WHAT IS NEEDED: Transcribe all of the data exactly, leaving nothing out.

INPUT DATA:

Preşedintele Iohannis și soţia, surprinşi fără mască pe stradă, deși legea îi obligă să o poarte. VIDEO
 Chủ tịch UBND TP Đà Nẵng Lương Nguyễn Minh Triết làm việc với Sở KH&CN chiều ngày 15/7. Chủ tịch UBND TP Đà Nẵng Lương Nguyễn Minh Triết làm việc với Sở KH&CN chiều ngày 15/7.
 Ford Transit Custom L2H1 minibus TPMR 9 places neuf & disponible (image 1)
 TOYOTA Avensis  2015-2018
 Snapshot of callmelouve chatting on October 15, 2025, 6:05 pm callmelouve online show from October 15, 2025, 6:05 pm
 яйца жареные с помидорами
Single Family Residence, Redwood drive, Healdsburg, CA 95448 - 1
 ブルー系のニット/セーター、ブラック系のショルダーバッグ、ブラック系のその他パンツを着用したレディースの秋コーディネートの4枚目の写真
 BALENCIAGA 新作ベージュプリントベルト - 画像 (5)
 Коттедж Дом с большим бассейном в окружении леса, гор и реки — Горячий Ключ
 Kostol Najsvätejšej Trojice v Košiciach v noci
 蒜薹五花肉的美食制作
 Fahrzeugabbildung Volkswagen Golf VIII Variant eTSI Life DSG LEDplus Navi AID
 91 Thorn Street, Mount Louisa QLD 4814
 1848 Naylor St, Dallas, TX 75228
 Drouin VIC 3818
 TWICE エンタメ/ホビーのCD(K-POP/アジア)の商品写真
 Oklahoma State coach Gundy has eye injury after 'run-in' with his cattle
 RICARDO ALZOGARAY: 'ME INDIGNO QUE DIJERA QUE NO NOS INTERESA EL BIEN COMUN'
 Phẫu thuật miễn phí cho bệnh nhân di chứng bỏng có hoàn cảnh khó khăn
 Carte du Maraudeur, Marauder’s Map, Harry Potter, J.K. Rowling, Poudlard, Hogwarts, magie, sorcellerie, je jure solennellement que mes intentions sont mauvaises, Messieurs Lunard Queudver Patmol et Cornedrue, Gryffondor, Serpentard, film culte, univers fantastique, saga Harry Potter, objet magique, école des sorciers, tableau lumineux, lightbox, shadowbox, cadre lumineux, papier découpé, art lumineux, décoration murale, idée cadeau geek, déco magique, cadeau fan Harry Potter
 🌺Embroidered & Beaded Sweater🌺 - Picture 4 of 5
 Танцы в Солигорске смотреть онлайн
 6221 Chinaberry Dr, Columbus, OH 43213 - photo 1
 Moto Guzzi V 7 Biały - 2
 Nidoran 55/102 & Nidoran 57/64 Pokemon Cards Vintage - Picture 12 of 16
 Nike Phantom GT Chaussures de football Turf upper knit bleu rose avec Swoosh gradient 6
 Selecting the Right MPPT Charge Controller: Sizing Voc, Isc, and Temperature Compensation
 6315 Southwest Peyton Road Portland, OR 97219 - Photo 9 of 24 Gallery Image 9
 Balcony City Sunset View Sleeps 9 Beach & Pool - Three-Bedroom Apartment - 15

RESPONSE TO THIS TASK:
Preşedintele Iohannis și soţia, surprinşi fără mască pe stradă, deși legea îi obligă să o poarte. VIDEO
 Chủ tịch UBND TP Đà Nẵng Lương Nguyễn Minh Triết làm việc với Sở KH&CN chiều ngày 15/7. Chủ tịch UBND TP Đà Nẵng Lương Nguyễn Minh Triết làm việc với Sở KH&CN chiều ngày 15/7.
 Ford Transit Custom L2H1 minibus TPMR 9 places neuf & disponible (image 1)
 TOYOTA Avensis  2015-2018
 Snapshot of callmelouve chatting on October 15, 2025, 6:05 pm callmelouve online show from October 15, 2025, 6:05 pm
 яйца жареные с помидорами
Single Family Residence, Redwood drive, Healdsburg, CA 95448 - 1
 ブルー系のニット/セーター、ブラック系のショルダーバッグ、ブラック系のその他パンツを着用したレディースの秋コーディネートの4枚目の写真
 BALENCIAGA 新作ベージュプリントベルト - 画像 (5)
 Коттедж Дом с большим бассейном в окружении леса, гор и реки — Горячий Ключ
 Kostol Najsvätejšej Trojice v Košiciach v noci
 蒜薹五花肉的美食制作
 Fahrzeugabbildung Volkswagen Golf VIII Variant eTSI Life DSG LEDplus Navi AID
 91 Thorn Street, Mount Louisa QLD 4814
 1848 Naylor St, Dallas, TX 75228
 Drouin VIC 3818
 TWICE エンタメ/ホビーのCD(K-POP/アジア)の商品写真
 Oklahoma State coach Gundy has eye injury after 'run-in' with his cattle
 RICARDO ALZOGARAY: 'ME INDIGNO QUE DIJERA QUE NO NOS INTERESA EL BIEN COMUN'
 Phẫu thuật miễn phí cho bệnh nhân di chứng bỏng có hoàn cảnh khó khăn
 Carte du Maraudeur, Marauder’s Map, Harry Potter, J.K. Rowling, Poudlard, Hogwarts, magie, sorcellerie, je jure solennellement que mes intentions sont mauvaises, Messieurs Lunard Queudver Patmol et Cornedrue, Gryffondor, Serpentard, film culte, univers fantastique, saga Harry Potter, objet magique, école des sorciers, tableau lumineux, lightbox, shadowbox, cadre lumineux, papier découpé, art lumineux, décoration murale, idée cadeau geek, déco magique, cadeau fan Harry Potter
 🌺Embroidered & Beaded Sweater🌺 - Picture 4 of 5
 Танцы в Солигорске смотреть онлайн
 6221 Chinaberry Dr, Columbus, OH 43213 - photo 1
 Moto Guzzi V 7 Biały - 2
 Nidoran 55/102 & Nidoran 57/64 Pokemon Cards Vintage - Picture 12 of 16
 Nike Phantom GT Chaussures de football Turf upper knit bleu rose avec Swoosh gradient 6
 Selecting the Right MPPT Charge Controller: Sizing Voc, Isc, and Temperature Compensation
 6315 Southwest Peyton Road Portland, OR 97219 - Photo 9 of 24 Gallery Image 9
 Balcony City Sunset View Sleeps 9 Beach & Pool - Three-Bedroom Apartment - 15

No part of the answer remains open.